= George Daugherty =

American conductor

George Daugherty (born 1955) is an American conductor, director, producer, and writer.

==Family life, education, and early career==
Daugherty was born in Pendleton, Indiana, in 1955, the only son of George Daugherty Sr., an Indiana State Policeman who eventually became Commander of the Indiana State Police, and Charlene Elizabeth Beeson Daugherty, a teacher and educator. Although not from a musical family per se, Daugherty's ancestors included many who pursued their own artistic careers, including his great-great-great-grandfather, American poet Henry Wadsworth Longfellow.

Daugherty lived in Pendleton for his entire childhood and teenage years, and began studying piano with noted pianist Elizabeth Edmundson at the age of 4. He began cello studies in his teenage years. He attended college at Butler University's Jordan College of Music, where he studied with cellists Shirley Evans Tabachnick and Dennis McCafferty, conducting with John Colbert, and piano with Martin Marks and Frank Cooper. While at Butler, Daugherty also pursued a double major in journalism, and was the recipient of the prestigious Eugene Collins Pulliam / Hilton U. Brown Journalism Scholarship to Butler. At the age of 20, Daugherty was appointed an assistant conductor of the Fort Wayne Philharmonic Orchestra, where he worked and studied under conductor/composer Thomas Bricetti. While there, he also continued his collegiate studies, having transferred from Butler to Indiana University.

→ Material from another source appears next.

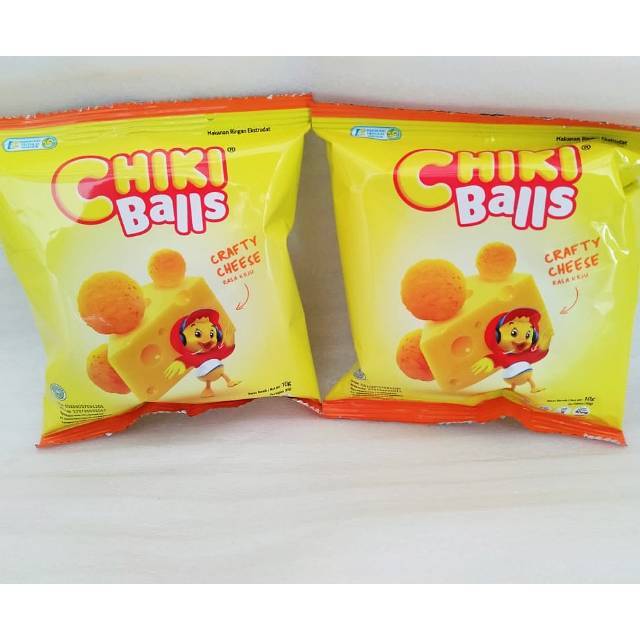 

CHIKI BALLS 15GR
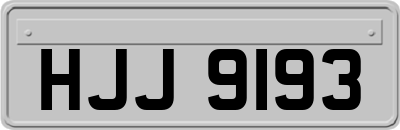 HJJ9193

In 1975 at the age of 20, he also founded his own orchestra, The Pendleton Festival Symphony, and upon securing grants from the Indiana Arts Commission and the National Endowment for the Arts, the ensemble became a professional summer festival orchestra in 1976, and continued for the next 10 years. He made his professional conducting debut with that orchestra in 1976, at the age of 21, conducting for Metropolitan Opera leading soprano Roberta Peters, who would become a mentor and good friend of the young conductor. Despite his very young age, he was able to bring an impressive array of international talent to appear under his baton at the Pendleton Festival, including violinist Eugene Fodor, Metropolitan Opera leading mezzo-soprano Rosalind Elias, international soprano Nancy Shade, the Harvard Glee Club, and ensembles of principal dancers from American Ballet Theatre, the New York City Ballet, the Royal Ballet, the National Ballet of Canada, and the Joffrey Ballet. One of his major Pendleton Festival productions, a tribute on the 100th birthday of the legendary Russian ballerina Anna Pavlova, went on to appear at New York's Lincoln Center Festival, and became a Canadian Broadcasting Company television special starring Leslie Caron and an international cast of dancers.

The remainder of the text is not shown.